The cost of an issue of preferred stock shall be computed in accordance
with the following formula:

     Cost of Issue in Percent =

     (Dividend Rate (%)xAggregate Par or Stated Value)
     (Proceeds to Company from Underwriter or Investor -
     Company Expenses of Issue

     Each Company's Investment Return for a year shall be computed
initially at the beginning of the year on the basis of its Net Investment
in generation and Backbone Transmission and its composite cost of capital
as of the beginning of the year.  The Investment Return, as so computed,
shall be re-computed each time that a substantial change in generation or
Backbone Transmission utility plant in service accounts occurs during the
year and at such other times as the Companies mutually agree is
appropriate.

     The usage in this Schedule of terms which are defined in the foregoing
Memorandum is in accordance with the definitions thereof in the Memorandum.

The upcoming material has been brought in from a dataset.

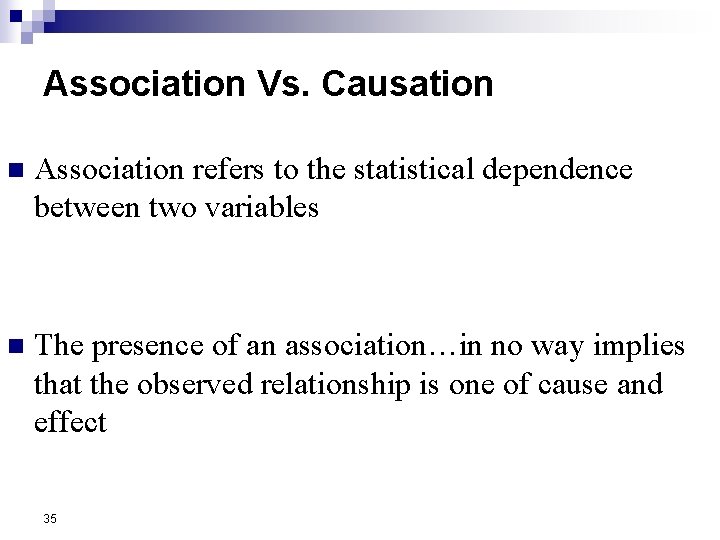 Association Vs. Causation n Association refers to the statistical dependence between two variables n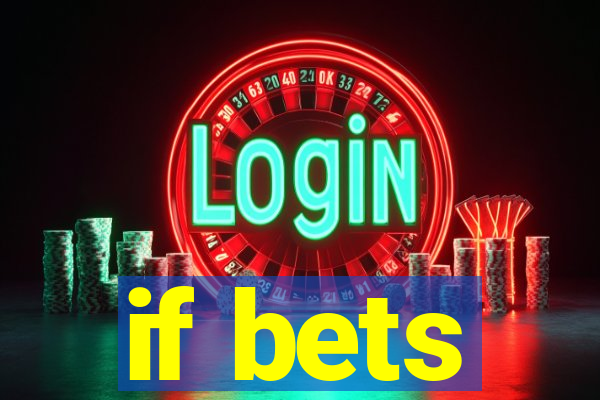 if bets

                        CERTIFICATE OF CONCURRENCE
                                    OF
                    THE HARTFORD ELECTRIC LIGHT COMPANY


     This is to certify that The Hartford Electric Light Company assents to
and concurs in the rate schedule change described below which is being
filed concurrently herewith by The Connecticut Light and Power Company, and
The Hartford Electric Light Company hereby files this Certificate of
Concurrence in lieu of filing such rate schedule change:

     AMENDMENT dated February 2, 1982, to MEMORANDUM OF UNDERSTANDING --
     POOLING OF GENERATION AND TRANSMISSION dated as of June 1, 1970, by
     and among The Connecticut Light and Power Company, The Hartford
     Electric Light Company, Holyoke Power and Electric Company, Holyoke
     Water Power Company and Western Massachusetts Electric Company

     The Hartford Electric Light Company also assents to and concurs in the
information and supporting data which are being filed with such rate
schedule change, insofar as such information and supporting data relate to
The Hartford Electric Light Company, and respectfully requests that such
information and supporting data be deemed to have been submitted by The
Hartford Electric Light Company.

     The Hartford Electric Light Company also joins in the request that
such rate schedule change be permitted to become effective on April 5,
1982, and advises the Commission that is has agreed with the other NU
Companies that, in the event that the Commission should order a hearing and
suspend the effectiveness of the rate schedule change for any period, the
rate schedule change shall not become effective until the Commission's
order following such hearing becomes final.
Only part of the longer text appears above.